Strong Motion by Jonathan Franzen
reviewed by Courtney
With all of the media attention Jonathan Franzen received surrounding the Oprah controversy and awards for The Corrections, and the subsequent reconciliation and acclaim for his most recent Freedom, it is all to easy for the actual writing to get pushed to the side. The author's second novel, Strong Motion, published in 1992, though perhaps overly ambitious, is an excellent testament to the strength and creativity at the core of Franzen's prose.
Most of the story takes place in Boston during a wave of inexplicable seismic activity, and focuses on Louis Holland and his highly dysfunctional family as they become embroiled in a complex and morally ambiguous struggle over inheritance following the death of his grandmother in the first major earthquake. As Louis falls in love with Renee Seitchek, a Harvard seismologist investigating the cause of the earthquakes, Franzen interweaves their relationship with family and character history, as well as other seemingly irrelevant threads concerning as disparate subjects as abortion, environmental history, and even one notable passage from the perspective of a local raccoon.
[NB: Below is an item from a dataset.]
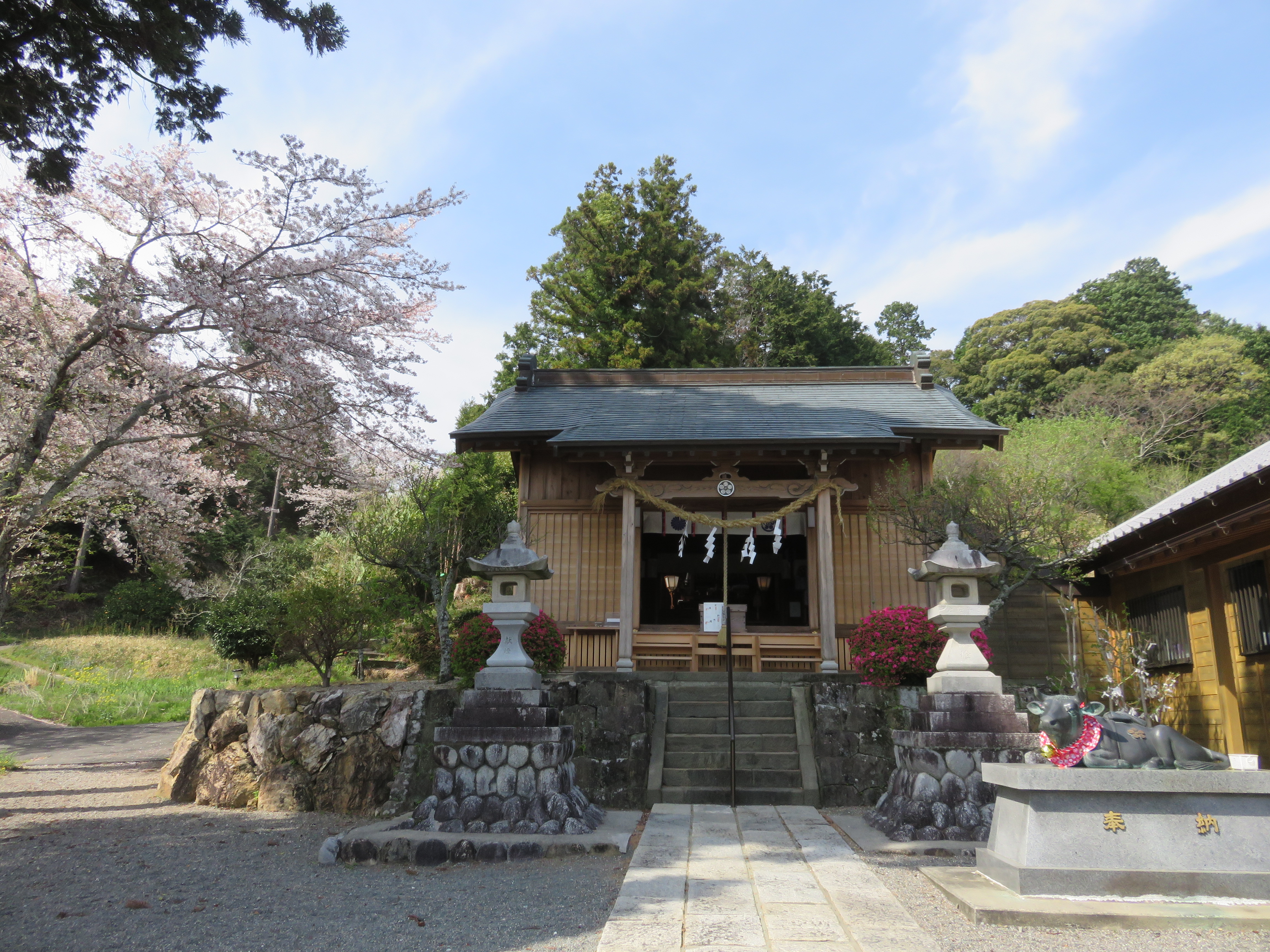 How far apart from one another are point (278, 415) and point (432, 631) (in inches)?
246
Despite the largely uncomplicated plot, the many character threads can be difficult to follow, and much of the first half of the novel is spent in introducing and reintroducing the central characters and themes. Though Strong Motion could easily have descended into an impenetrable, convoluted mess, Franzen does an admirable job of pulling together the various disparate narrative threads in the final portion of the narrative. Where the first half of the book is at times frustratingly slow and wandering, the second half gains enough momentum to eclipse these earlier lapses.
Strong Motion has all the conventions of a traditional mystery novel: a somewhat unlikable but morally unshakable protagonist, his mysterious, emotionally damaged but brilliant older girlfriend, debated inheritance, a corporate conspiracy and cover-up, ineffectual government regulators, stolen evidence. That Franzen chose to focus on character rather than plot has an interesting muting effect; the characters are real and relatable, but their realism makes their lives fantastical by comparison. The plot seems almost too neat (one scene in particular in which Louis' father provides missing information comes across as unrealistic) because the characters are otherwise realistically complex. The relationships Franzen presents are so relatable and multifaceted that what would otherwise be a workable mystery plot seems trite by comparison; the reader is in the interesting position of watching characters react believably to unbelievable situations.
Which is not to say that Strong Motion is ultimately a failed novel. Its strength is merely to be found in its characters rather than its plot. In the novel Franzen explores the way that discontent can become habitual, love can breed resentment and even hatred, events and ruptures can have their root in decisions and actions decades previous. Franzen's vision of the world is somewhat fatalistic, but his fatalism creates an overwhelming sense of human responsibility, and even when we don't like his characters we relate to them. Strong Motion is not Franzen's best book, but it does provide an interesting preview of the kind of character depth and themes that led to achievements like The Corrections.